32. As a matter of fact, a careful look at the provisions of the Act would show that in the entire Act, there is only one provision for Appeal. That provision is in Section 21, which provides for Appeal to the Bar Council as against the decision of the Trust Committee. The Trust Committee is vested with the powers to adjudicate any claim from any member of the fund to the benefit of the fund. Since such a power conferred upon the Trust Committee is something that may adversely affect the interest of a member of the fund, the Act provides for the remedy of Appeal under Section 21 against the decision of the Trust Committee to the Bar Council.

33. Apart from Section 21 of the Welfare Fund Act, there is no other provision in the Act, which provides for a remedy of Appeal or Revision. On the contrary, Section 13(3) speaks about the decision of the Bar Council to recognize an Association. The decision taken under sub-section (3) is declared by sub-section (4) to be final.

34. Arguments were advanced on both sides as to whether the expression "decision" appearing in sub-section (4) would correlate to a decision to grant recognition or whether it would include both a decision to grant and the decision to reject. But, we do not think that the expression "decision" appearing in Section 13(4) could be given a restrictive meaning. The power to grant recognition would automatically include a power to refuse. Section 13(3) uses the expression "the Bar Council may". Therefore, it means that the Bar Council is empowered to take a decision not to grant recognition.
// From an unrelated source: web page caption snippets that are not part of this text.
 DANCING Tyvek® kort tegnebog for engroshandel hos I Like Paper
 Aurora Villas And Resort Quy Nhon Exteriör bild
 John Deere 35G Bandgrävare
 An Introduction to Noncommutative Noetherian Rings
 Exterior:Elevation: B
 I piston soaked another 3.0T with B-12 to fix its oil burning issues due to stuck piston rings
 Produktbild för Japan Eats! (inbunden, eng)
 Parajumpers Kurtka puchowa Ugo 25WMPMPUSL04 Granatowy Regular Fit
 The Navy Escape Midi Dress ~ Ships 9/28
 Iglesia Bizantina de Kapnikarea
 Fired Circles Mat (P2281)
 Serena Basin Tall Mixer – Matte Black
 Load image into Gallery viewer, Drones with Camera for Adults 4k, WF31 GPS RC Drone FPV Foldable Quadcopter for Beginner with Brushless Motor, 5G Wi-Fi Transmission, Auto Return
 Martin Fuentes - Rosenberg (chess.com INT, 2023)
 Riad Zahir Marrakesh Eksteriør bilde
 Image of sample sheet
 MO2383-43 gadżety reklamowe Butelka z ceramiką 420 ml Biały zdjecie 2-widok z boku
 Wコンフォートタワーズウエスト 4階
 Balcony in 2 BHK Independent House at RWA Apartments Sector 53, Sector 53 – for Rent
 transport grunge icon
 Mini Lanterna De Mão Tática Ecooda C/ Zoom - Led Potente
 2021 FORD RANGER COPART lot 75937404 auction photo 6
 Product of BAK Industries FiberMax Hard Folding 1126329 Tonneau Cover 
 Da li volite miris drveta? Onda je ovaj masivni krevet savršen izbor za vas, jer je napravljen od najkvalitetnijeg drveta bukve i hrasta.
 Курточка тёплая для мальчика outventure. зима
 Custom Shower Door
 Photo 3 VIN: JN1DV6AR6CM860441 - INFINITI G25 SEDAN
35. Irrespective of the nature of the decision taken by the Bar Council under Section 13(3), such a decision is declared to be final by sub-section (4). Once a decision is declared by a statute to be final, such a decision cannot be set at naught, except through a Judgment of a Court of law. The declaration in a statute that a decision of a Statutory Authority is final, is merely an indication that the Act does not provide for a remedy of Appeal or Revision against such a decision. It does not mean that a person aggrieved by the decision is left even without a legal remedy. To put it differently, the absence of a Statutory remedy is not an indication that even a legal remedy is unavailable.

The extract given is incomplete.